The turbulent political context of the election of Nepal’s new president must not blind observers to the significance of the victory of Bidhya Devi Bhandari. A woman as the head of state, and only its second president, is a milestone for the Himalayan nation. Although Bhandari will be only a ceremonial head, the vice chairperson of the ruling Communist Party of Nepal-Unified Marxist Leninist (CPN-UML) is more seasoned as a politician and electorally more tried and tested than many of her colleagues in parliament, having won popular elections and having been the country’s defence minister from 2009 to 2011.

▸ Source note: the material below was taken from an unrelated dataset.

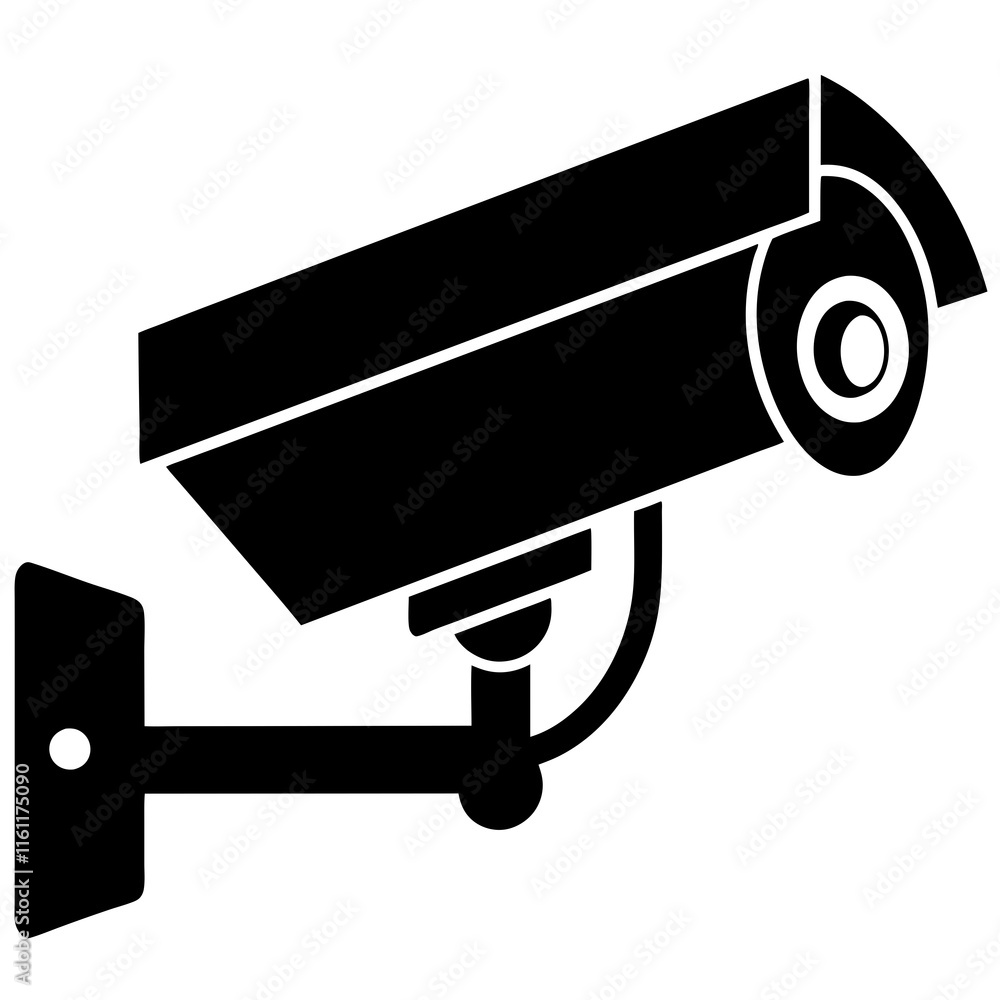 security camera isolated on white security camera isolated on white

The widow of late communist leader Madan Bhandari, Bidhya Devi has long been associated with the social and political struggle to alleviate the condition of women in her country. One of her promises is that she will champion women’s and minority rights as president. Bhandari had a determining role, along with others, in ensuring the reservation of a third of parliamentary seats for women in the new constitution, which also lays down that either the president or the vice president must be a woman. As president, Bhandari’s political activities will be curtailed, but her stature in Nepal’s polity and within her party should ensure that her advice is taken seriously.
Bhandari’s clean triumph over Nepali Congress veteran K.B. Gurung was not unexpected, given the Maoists’ support for her candidacy. Her election also frames the rapprochement between the UML and the Maoist party that puts the Nepali Congress — the UML’s coalition partner and largest party — in a tighter spot. While Bhandari is an old ally of PM K.P. Oli, this leftist assertion comes when Nepali society has been polarised by the promulgation of the new constitution. Bhandari, therefore, will run the danger of walking too close to the edge in every word and action. She must preside over the healing of the nation, not further division.